§ **Requirement**
All of the records must be restated exactly, with every line complete.

::::

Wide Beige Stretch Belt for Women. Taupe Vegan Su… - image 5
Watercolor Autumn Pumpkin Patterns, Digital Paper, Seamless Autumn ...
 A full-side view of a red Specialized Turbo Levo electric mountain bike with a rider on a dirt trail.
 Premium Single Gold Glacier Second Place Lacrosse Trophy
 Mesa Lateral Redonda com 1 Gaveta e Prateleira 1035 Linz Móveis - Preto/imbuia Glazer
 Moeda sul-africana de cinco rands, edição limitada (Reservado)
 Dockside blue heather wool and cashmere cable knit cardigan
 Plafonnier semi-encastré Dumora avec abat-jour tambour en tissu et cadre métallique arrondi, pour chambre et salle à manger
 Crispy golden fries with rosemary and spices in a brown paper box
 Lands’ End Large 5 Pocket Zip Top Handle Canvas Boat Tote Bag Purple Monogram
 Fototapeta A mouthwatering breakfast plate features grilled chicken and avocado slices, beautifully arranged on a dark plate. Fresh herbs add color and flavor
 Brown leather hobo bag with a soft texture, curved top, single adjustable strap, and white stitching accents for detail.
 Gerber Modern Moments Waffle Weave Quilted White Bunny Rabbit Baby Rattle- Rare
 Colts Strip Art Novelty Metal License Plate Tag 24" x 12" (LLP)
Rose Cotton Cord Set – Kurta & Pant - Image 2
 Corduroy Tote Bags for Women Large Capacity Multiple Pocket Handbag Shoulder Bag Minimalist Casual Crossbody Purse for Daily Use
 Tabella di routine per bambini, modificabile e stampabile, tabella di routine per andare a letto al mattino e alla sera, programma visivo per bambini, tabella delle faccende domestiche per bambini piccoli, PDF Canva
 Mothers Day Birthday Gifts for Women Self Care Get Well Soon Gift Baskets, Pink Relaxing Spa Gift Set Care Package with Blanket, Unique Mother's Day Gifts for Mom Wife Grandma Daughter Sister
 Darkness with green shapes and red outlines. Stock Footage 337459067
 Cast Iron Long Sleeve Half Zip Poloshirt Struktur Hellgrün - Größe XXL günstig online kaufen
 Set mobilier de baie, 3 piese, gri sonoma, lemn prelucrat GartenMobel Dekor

::::

§ **Response to the task**
Wide Beige Stretch Belt for Women. Taupe Vegan Su… - image 5
Watercolor Autumn Pumpkin Patterns, Digital Paper, Seamless Autumn ...
 A full-side view of a red Specialized Turbo Levo electric mountain bike with a rider on a dirt trail.
 Premium Single Gold Glacier Second Place Lacrosse Trophy
 Mesa Lateral Redonda com 1 Gaveta e Prateleira 1035 Linz Móveis - Preto/imbuia Glazer
 Moeda sul-africana de cinco rands, edição limitada (Reservado)
 Dockside blue heather wool and cashmere cable knit cardigan
 Plafonnier semi-encastré Dumora avec abat-jour tambour en tissu et cadre métallique arrondi, pour chambre et salle à manger
 Crispy golden fries with rosemary and spices in a brown paper box
 Lands’ End Large 5 Pocket Zip Top Handle Canvas Boat Tote Bag Purple Monogram
 Fototapeta A mouthwatering breakfast plate features grilled chicken and avocado slices, beautifully arranged on a dark plate. Fresh herbs add color and flavor
 Brown leather hobo bag with a soft texture, curved top, single adjustable strap, and white stitching accents for detail.
 Gerber Modern Moments Waffle Weave Quilted White Bunny Rabbit Baby Rattle- Rare
 Colts Strip Art Novelty Metal License Plate Tag 24" x 12" (LLP)
Rose Cotton Cord Set – Kurta & Pant - Image 2
 Corduroy Tote Bags for Women Large Capacity Multiple Pocket Handbag Shoulder Bag Minimalist Casual Crossbody Purse for Daily Use
 Tabella di routine per bambini, modificabile e stampabile, tabella di routine per andare a letto al mattino e alla sera, programma visivo per bambini, tabella delle faccende domestiche per bambini piccoli, PDF Canva
 Mothers Day Birthday Gifts for Women Self Care Get Well Soon Gift Baskets, Pink Relaxing Spa Gift Set Care Package with Blanket, Unique Mother's Day Gifts for Mom Wife Grandma Daughter Sister
 Darkness with green shapes and red outlines. Stock Footage 337459067
 Cast Iron Long Sleeve Half Zip Poloshirt Struktur Hellgrün - Größe XXL günstig online kaufen
 Set mobilier de baie, 3 piese, gri sonoma, lemn prelucrat GartenMobel Dekor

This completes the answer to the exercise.